“America is for Americans and Americans only," Stephen Miller, a senior advisor to Republican Presidential nominee Donald Trump, proclaimed at the Trump-Vance rally in New York City's Madison Square Garden last night.
This assertion is likely news to the tens of millions of Irish people who have emigrated to the United States for well over a century, as well as their generations of Irish American descendants.
Notably, Miller's assertion bears an uncomfortable similarity with "Germany for the Germans - foreigners out," which, according to The Guardian, is a phrase originating in the 19th century and used by Nazi leader Adolf Hitler.
(It also comes about a week after John Kelly, Trump's former Chief of Staff, confirmed to the New York Times previous reports that he had heard Trump speak favorably of Hitler on more than one occasion.)
Miller's echoes of Nazi rhetoric are being overshadowed in the headlines on Monday by podcast host Tony Hinchcliffe's denigration of Latinos.

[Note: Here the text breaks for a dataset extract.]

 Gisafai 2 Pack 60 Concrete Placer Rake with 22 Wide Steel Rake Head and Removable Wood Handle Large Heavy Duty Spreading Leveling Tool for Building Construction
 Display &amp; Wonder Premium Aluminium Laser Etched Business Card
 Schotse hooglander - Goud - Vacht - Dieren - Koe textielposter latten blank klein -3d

“These Latinos, they love making babies too," Hinchcliffe told a packed-out MSG. "Just know that. They do. They do. There’s no pulling out. They don’t do that. They come inside. Just like they did to our country.”

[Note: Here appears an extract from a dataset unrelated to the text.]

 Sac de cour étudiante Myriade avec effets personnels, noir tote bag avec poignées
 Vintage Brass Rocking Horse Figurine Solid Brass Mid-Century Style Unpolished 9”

He continued: “I don’t know if you guys know this, but there’s literally a floating island of garbage in the middle of the ocean right now. Yeah, I think it’s called Puerto Rico."
Hinchcliffe's bizarre claims backfired, infuriating Puerto Ricans and prompting endorsements for Kamala Harris from major Latino entertainers including Ricky Martin, Bad Bunny, and Luis Fonsi.
As the Associated Press notes, Hinchcliffe’s set also included lewd and racist comments about Jews and Black people, all key constituencies in the election.
It was not too long ago that Irish immigrants were subjected to the same type of racist treatment. Lest we forget "No Irish Need Apply" and "No Blacks, No Dogs, No Irish."
Responding to Sunday's rally, Ted Smyth, a member of the Irish Americans for Harris committee, told IrishCentral on Monday: "Immigrants have built and continue to build America to be the strongest economy in the world.
"They have fought and died to protect democracy at home and abroad since the Civil War.
"If Puerto Rico can be called 'a floating island of garbage,' how long before the land of our ancestors, Ireland, is similarly labeled by extreme Trumpists who hate global trade?"
Indeed, Irish Americans must ask themselves how they can reconcile their own history of disparagement with the Trump campaign's denigration of foreigners and claims that "America is for Americans only."